→ **Task**
Restate word for word every line from the top of the data below down through the line that holds "セリーヌ トリオンフ ティーン".

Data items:
□ □ □ □ □ □ □
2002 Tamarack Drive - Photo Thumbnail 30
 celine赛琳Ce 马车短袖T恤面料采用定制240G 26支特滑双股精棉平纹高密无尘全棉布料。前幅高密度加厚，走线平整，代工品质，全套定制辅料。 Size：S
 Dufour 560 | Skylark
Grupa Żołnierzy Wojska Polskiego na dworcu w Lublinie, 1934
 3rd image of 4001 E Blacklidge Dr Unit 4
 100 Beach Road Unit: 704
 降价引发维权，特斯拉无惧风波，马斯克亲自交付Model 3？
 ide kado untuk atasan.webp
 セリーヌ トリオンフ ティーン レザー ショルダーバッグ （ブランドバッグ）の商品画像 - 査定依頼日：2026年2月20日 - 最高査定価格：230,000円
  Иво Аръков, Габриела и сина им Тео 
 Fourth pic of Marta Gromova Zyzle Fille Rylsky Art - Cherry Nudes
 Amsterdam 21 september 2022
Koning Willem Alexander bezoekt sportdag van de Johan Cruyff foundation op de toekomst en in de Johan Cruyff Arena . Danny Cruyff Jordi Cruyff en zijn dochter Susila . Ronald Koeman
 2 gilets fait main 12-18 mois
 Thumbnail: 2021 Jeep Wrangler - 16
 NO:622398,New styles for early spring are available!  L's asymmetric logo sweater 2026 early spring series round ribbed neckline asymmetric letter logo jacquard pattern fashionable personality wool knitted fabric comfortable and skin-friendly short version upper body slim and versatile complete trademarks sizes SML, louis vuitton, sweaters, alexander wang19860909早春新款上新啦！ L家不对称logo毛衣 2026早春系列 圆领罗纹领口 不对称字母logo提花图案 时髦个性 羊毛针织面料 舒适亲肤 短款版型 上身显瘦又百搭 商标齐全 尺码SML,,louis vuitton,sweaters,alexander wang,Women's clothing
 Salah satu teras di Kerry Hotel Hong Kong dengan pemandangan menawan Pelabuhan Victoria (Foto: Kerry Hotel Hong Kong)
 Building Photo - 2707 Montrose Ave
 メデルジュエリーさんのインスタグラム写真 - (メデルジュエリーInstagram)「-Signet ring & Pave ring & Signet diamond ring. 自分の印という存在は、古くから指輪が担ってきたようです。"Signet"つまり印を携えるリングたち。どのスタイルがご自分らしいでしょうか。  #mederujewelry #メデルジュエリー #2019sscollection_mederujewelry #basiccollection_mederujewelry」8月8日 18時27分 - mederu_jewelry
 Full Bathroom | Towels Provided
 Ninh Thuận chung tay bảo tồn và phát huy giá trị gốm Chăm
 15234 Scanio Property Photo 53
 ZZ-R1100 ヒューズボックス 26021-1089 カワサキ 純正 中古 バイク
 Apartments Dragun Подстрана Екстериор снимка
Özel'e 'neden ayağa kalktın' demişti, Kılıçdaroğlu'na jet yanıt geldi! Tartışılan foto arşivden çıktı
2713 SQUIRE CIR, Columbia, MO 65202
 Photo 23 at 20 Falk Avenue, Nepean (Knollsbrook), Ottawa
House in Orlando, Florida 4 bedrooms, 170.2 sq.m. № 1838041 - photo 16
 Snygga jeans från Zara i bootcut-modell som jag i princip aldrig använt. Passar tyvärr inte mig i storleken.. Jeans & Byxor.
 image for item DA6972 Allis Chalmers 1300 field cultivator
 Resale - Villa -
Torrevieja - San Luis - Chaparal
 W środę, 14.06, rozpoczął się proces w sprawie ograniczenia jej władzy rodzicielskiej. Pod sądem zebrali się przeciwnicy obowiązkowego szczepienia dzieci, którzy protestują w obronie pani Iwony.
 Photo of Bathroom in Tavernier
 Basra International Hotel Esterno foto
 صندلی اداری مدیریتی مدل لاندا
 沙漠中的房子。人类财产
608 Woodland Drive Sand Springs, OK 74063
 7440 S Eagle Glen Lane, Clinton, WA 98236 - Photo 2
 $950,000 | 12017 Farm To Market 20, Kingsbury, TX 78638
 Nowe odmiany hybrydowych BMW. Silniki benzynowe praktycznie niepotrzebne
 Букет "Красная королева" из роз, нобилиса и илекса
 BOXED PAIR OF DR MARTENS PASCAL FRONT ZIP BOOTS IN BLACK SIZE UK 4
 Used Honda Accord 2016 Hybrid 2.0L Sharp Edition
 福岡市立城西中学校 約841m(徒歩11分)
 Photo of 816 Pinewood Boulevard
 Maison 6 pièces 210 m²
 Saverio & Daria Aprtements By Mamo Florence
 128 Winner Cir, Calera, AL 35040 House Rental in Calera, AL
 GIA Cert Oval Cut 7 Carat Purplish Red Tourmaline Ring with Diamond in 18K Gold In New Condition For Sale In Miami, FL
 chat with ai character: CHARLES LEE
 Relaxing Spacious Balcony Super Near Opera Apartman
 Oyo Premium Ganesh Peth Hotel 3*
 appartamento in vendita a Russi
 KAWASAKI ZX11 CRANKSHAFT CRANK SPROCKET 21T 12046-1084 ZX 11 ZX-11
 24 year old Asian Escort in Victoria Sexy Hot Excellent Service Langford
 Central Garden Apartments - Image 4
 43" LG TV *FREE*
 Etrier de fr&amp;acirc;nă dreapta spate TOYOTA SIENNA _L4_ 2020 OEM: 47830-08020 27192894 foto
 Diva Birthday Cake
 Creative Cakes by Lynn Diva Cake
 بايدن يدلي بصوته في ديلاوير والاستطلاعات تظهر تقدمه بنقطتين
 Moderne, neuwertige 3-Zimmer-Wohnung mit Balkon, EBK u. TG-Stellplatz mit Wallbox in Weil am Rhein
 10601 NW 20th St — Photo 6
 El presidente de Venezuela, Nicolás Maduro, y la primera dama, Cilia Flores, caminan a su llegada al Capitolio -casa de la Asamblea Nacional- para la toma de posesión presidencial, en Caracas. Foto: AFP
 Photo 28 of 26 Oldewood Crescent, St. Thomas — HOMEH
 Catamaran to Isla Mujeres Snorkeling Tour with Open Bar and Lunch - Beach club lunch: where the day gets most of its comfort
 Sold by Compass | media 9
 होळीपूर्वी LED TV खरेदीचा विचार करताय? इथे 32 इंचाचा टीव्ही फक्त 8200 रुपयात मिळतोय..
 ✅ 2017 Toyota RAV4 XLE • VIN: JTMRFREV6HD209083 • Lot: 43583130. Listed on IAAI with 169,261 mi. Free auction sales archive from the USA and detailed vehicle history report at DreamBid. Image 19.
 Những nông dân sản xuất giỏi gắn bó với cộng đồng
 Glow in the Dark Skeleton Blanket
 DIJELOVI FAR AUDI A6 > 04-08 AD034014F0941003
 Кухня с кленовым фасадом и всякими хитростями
□ □ □ □ □ □ □
→ **Answer to this exercise**
2002 Tamarack Drive - Photo Thumbnail 30
 celine赛琳Ce 马车短袖T恤面料采用定制240G 26支特滑双股精棉平纹高密无尘全棉布料。前幅高密度加厚，走线平整，代工品质，全套定制辅料。 Size：S
 Dufour 560 | Skylark
Grupa Żołnierzy Wojska Polskiego na dworcu w Lublinie, 1934
 3rd image of 4001 E Blacklidge Dr Unit 4
 100 Beach Road Unit: 704
 降价引发维权，特斯拉无惧风波，马斯克亲自交付Model 3？
 ide kado untuk atasan.webp
 セリーヌ トリオンフ ティーン レザー ショルダーバッグ （ブランドバッグ）の商品画像 - 査定依頼日：2026年2月20日 - 最高査定価格：230,000円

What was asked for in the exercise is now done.